== TASK OBJECTIVE ==
The whole listing is to be printed again exactly.
********************
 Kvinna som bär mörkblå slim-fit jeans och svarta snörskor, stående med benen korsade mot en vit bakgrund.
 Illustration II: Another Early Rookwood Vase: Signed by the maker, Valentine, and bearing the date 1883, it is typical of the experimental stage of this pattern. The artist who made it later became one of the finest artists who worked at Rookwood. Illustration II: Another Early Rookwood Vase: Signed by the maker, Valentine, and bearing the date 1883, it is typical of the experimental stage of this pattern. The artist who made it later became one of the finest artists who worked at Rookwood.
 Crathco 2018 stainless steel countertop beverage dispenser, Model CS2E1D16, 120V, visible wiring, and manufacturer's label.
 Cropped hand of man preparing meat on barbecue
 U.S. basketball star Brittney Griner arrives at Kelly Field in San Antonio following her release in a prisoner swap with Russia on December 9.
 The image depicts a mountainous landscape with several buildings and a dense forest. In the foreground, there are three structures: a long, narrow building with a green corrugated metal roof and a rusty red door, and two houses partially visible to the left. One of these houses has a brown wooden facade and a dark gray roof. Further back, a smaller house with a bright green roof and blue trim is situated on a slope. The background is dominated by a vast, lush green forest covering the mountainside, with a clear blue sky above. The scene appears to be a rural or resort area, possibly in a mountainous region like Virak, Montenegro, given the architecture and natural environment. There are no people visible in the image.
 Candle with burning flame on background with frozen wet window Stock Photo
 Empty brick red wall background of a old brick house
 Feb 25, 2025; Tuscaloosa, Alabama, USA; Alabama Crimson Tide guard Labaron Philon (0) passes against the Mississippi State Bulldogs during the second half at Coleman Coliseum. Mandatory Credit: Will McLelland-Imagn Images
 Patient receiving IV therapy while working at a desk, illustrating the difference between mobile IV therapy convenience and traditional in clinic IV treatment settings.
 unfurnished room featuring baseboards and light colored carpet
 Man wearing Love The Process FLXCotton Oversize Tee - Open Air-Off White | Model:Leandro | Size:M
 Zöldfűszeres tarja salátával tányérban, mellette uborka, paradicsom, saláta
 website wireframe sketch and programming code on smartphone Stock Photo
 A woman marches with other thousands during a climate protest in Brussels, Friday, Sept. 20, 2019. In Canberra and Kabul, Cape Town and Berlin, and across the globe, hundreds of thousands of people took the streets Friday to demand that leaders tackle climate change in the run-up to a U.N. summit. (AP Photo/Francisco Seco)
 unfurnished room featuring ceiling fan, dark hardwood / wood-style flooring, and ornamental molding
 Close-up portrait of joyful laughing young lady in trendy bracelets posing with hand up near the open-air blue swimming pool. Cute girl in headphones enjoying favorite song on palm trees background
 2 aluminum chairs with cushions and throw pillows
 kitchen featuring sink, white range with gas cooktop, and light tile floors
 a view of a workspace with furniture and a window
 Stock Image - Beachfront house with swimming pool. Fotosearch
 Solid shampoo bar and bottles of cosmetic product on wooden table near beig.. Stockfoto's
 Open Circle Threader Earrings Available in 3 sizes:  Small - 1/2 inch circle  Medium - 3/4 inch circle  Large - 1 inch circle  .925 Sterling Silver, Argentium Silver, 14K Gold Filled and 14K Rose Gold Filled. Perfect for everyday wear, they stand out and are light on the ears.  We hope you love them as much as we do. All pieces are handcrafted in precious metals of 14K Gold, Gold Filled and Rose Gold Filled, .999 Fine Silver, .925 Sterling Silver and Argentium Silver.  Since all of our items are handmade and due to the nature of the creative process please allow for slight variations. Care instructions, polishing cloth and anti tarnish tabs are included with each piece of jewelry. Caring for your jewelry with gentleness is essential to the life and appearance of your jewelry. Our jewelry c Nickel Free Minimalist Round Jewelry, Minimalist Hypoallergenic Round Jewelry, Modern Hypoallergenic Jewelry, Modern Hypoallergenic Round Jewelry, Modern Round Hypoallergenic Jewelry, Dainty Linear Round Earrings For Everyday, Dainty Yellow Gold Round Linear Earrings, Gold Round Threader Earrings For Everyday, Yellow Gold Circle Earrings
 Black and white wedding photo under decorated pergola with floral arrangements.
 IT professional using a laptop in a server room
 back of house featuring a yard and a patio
********************
== RESPONSE TO THIS TASK ==
 Kvinna som bär mörkblå slim-fit jeans och svarta snörskor, stående med benen korsade mot en vit bakgrund.
 Illustration II: Another Early Rookwood Vase: Signed by the maker, Valentine, and bearing the date 1883, it is typical of the experimental stage of this pattern. The artist who made it later became one of the finest artists who worked at Rookwood. Illustration II: Another Early Rookwood Vase: Signed by the maker, Valentine, and bearing the date 1883, it is typical of the experimental stage of this pattern. The artist who made it later became one of the finest artists who worked at Rookwood.
 Crathco 2018 stainless steel countertop beverage dispenser, Model CS2E1D16, 120V, visible wiring, and manufacturer's label.
 Cropped hand of man preparing meat on barbecue
 U.S. basketball star Brittney Griner arrives at Kelly Field in San Antonio following her release in a prisoner swap with Russia on December 9.
 The image depicts a mountainous landscape with several buildings and a dense forest. In the foreground, there are three structures: a long, narrow building with a green corrugated metal roof and a rusty red door, and two houses partially visible to the left. One of these houses has a brown wooden facade and a dark gray roof. Further back, a smaller house with a bright green roof and blue trim is situated on a slope. The background is dominated by a vast, lush green forest covering the mountainside, with a clear blue sky above. The scene appears to be a rural or resort area, possibly in a mountainous region like Virak, Montenegro, given the architecture and natural environment. There are no people visible in the image.
 Candle with burning flame on background with frozen wet window Stock Photo
 Empty brick red wall background of a old brick house
 Feb 25, 2025; Tuscaloosa, Alabama, USA; Alabama Crimson Tide guard Labaron Philon (0) passes against the Mississippi State Bulldogs during the second half at Coleman Coliseum. Mandatory Credit: Will McLelland-Imagn Images
 Patient receiving IV therapy while working at a desk, illustrating the difference between mobile IV therapy convenience and traditional in clinic IV treatment settings.
 unfurnished room featuring baseboards and light colored carpet
 Man wearing Love The Process FLXCotton Oversize Tee - Open Air-Off White | Model:Leandro | Size:M
 Zöldfűszeres tarja salátával tányérban, mellette uborka, paradicsom, saláta
 website wireframe sketch and programming code on smartphone Stock Photo
 A woman marches with other thousands during a climate protest in Brussels, Friday, Sept. 20, 2019. In Canberra and Kabul, Cape Town and Berlin, and across the globe, hundreds of thousands of people took the streets Friday to demand that leaders tackle climate change in the run-up to a U.N. summit. (AP Photo/Francisco Seco)
 unfurnished room featuring ceiling fan, dark hardwood / wood-style flooring, and ornamental molding
 Close-up portrait of joyful laughing young lady in trendy bracelets posing with hand up near the open-air blue swimming pool. Cute girl in headphones enjoying favorite song on palm trees background
 2 aluminum chairs with cushions and throw pillows
 kitchen featuring sink, white range with gas cooktop, and light tile floors
 a view of a workspace with furniture and a window
 Stock Image - Beachfront house with swimming pool. Fotosearch
 Solid shampoo bar and bottles of cosmetic product on wooden table near beig.. Stockfoto's
 Open Circle Threader Earrings Available in 3 sizes:  Small - 1/2 inch circle  Medium - 3/4 inch circle  Large - 1 inch circle  .925 Sterling Silver, Argentium Silver, 14K Gold Filled and 14K Rose Gold Filled. Perfect for everyday wear, they stand out and are light on the ears.  We hope you love them as much as we do. All pieces are handcrafted in precious metals of 14K Gold, Gold Filled and Rose Gold Filled, .999 Fine Silver, .925 Sterling Silver and Argentium Silver.  Since all of our items are handmade and due to the nature of the creative process please allow for slight variations. Care instructions, polishing cloth and anti tarnish tabs are included with each piece of jewelry. Caring for your jewelry with gentleness is essential to the life and appearance of your jewelry. Our jewelry c Nickel Free Minimalist Round Jewelry, Minimalist Hypoallergenic Round Jewelry, Modern Hypoallergenic Jewelry, Modern Hypoallergenic Round Jewelry, Modern Round Hypoallergenic Jewelry, Dainty Linear Round Earrings For Everyday, Dainty Yellow Gold Round Linear Earrings, Gold Round Threader Earrings For Everyday, Yellow Gold Circle Earrings
 Black and white wedding photo under decorated pergola with floral arrangements.
 IT professional using a laptop in a server room
 back of house featuring a yard and a patio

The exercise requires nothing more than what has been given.